Structural reform and competition policy

Structural reform is another tool available to policymakers in EMU, although, by definition, the

benefits of any reforms will be limited in the short-term. Nevertheless, policies aimed at improving the

functioning of both product and factor markets can enhance the business environment and increase the

flexibility of markets in the medium-term. Such reforms play an important role in meeting the

economic objectives of higher growth and employment without creating inflationary pressures, and as

a result, in delivering higher living standards.

Some reform of markets has been undertaken in recent years. The labour market is one area where

flexibility has been improved. For example, income tax reforms have enhanced incentives in recent

years, while labour market legislation in Ireland is somewhat lighter than elsewhere in the EU. In

product markets, the process of liberalisation has been speeded up. In particular, markets which have

traditionally been under direct control of government have undergone significant reform: the

telecommunications sector, for example, has been fully liberalised and this is already having a

favourable impact on prices. Elsewhere, however, the pace of reform has been slower, with barriers to

entry, in particular, remaining a feature of a number of markets.

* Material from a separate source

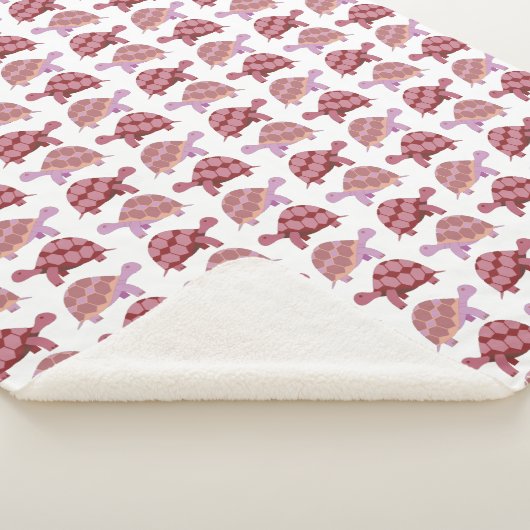 Niedlicher Cartoon Tortoise Pattern Sherpadecke (3/4)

Prudential standards in the financial sector

The fourth strand in the range of policies that can be employed in EMU relates to the maintenance of a

sound financial sector. In Ireland, the Central Bank is responsible for supervision of almost the entire

financial sector, apart from insurance companies. In particular, credit institutions are required to

conform to a wide range of standards that have been agreed at BIS and EU Commission levels. What

is of importance for us at present is that credit institutions are constrained from over-extending their



7 BIS Review 112/2000

lending to individual, or a group of related, economic sectors. This limits the risk, for example, of an

undue concentration of lending to the broad property sector, which has frequently been subject to

booms and busts in many countries, with consequential problems for the solvency of the financial

sector.

The Central Bank has been active in alerting banks to the risks posed by rapid overall and property-

related lending. As part of this process, banks have been required to conduct regular stress tests to

assess how fitted they are to cope with various types of shocks including a catastrophic fall in property

prices. The results of tests so far suggest a high degree of resilience to such adverse developments.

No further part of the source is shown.